## Exercise goal
After locating the line with "An aerial view" below, output it and each following line exactly, stopping after the line with "Cute little girl". No pictures.

## Dataset section
***
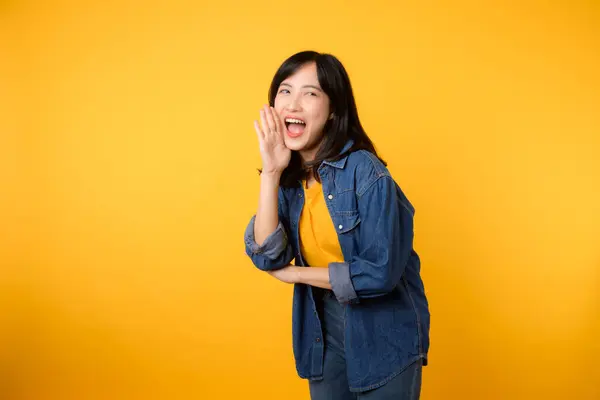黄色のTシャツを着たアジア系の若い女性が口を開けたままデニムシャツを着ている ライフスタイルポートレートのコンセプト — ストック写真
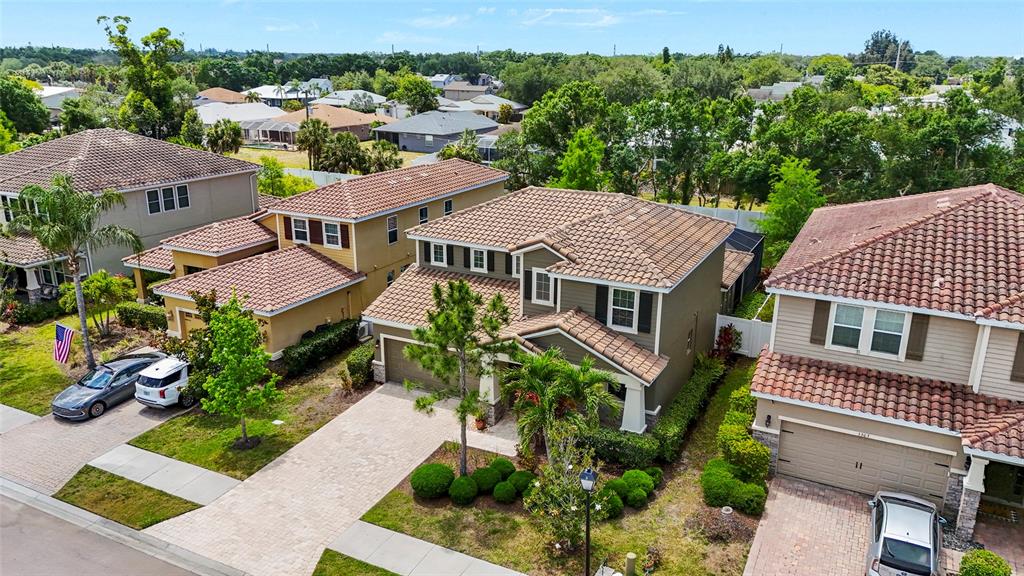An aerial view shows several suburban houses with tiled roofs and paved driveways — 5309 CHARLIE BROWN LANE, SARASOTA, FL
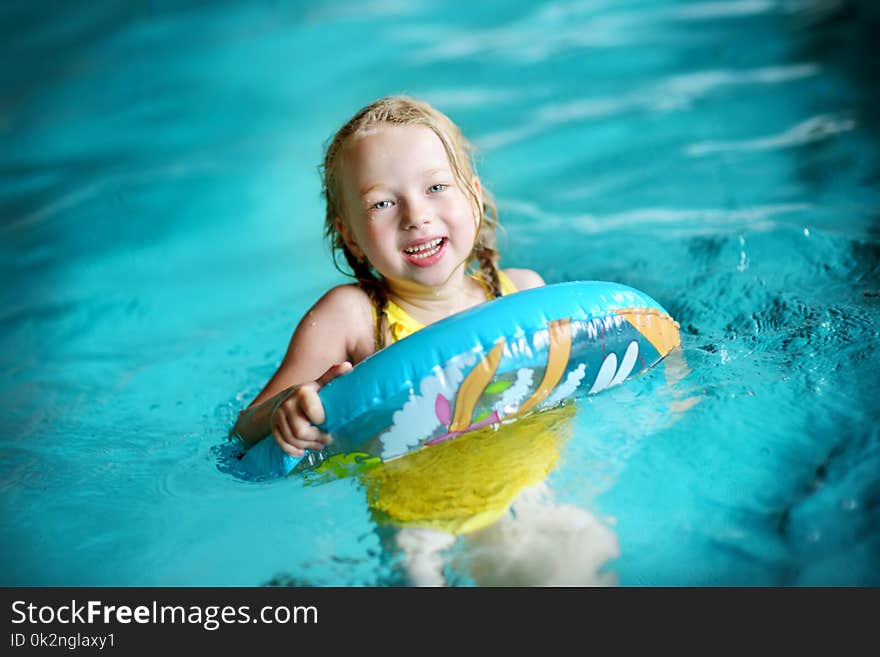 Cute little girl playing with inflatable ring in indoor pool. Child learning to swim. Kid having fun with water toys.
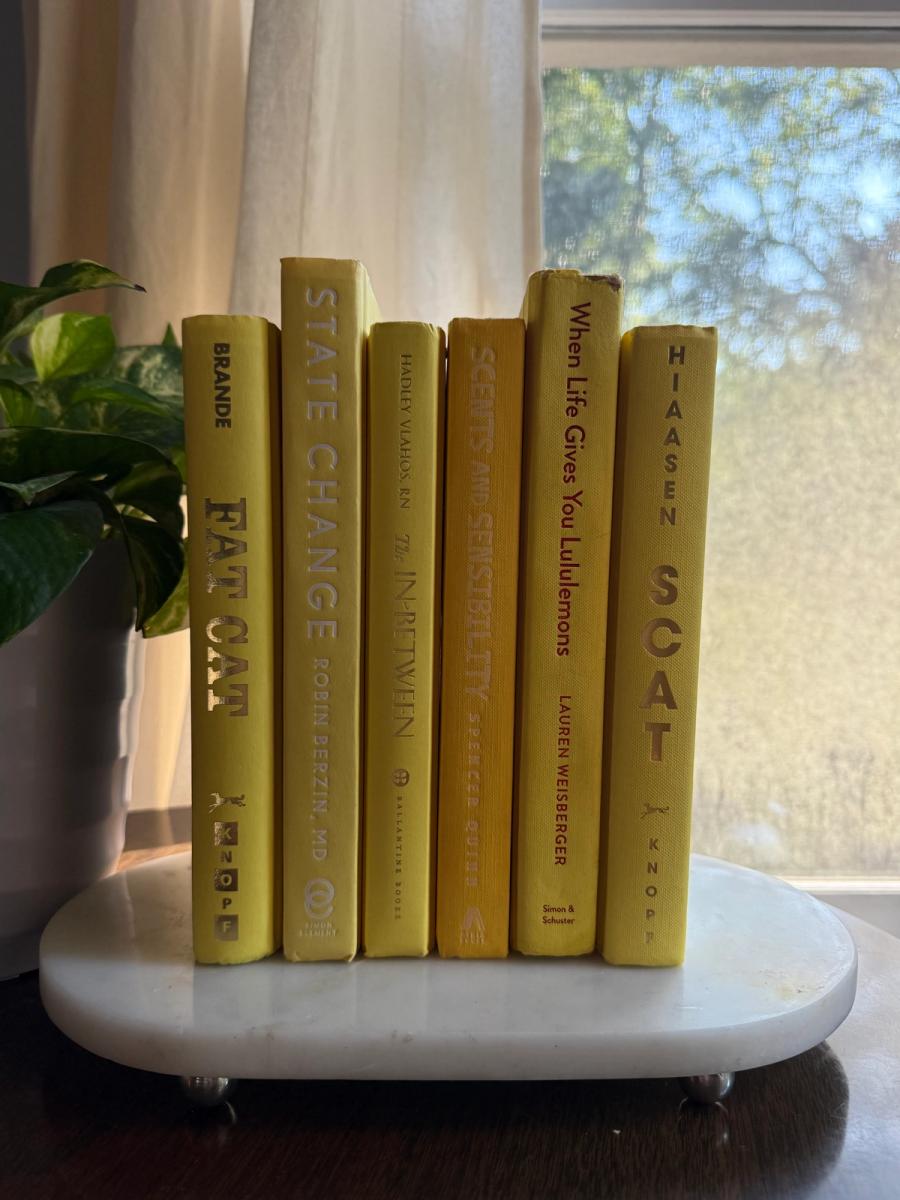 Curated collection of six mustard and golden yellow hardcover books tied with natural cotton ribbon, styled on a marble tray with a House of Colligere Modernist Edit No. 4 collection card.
***
## Task answer
An aerial view shows several suburban houses with tiled roofs and paved driveways — 5309 CHARLIE BROWN LANE, SARASOTA, FL
 Cute little girl playing with inflatable ring in indoor pool. Child learning to swim. Kid having fun with water toys.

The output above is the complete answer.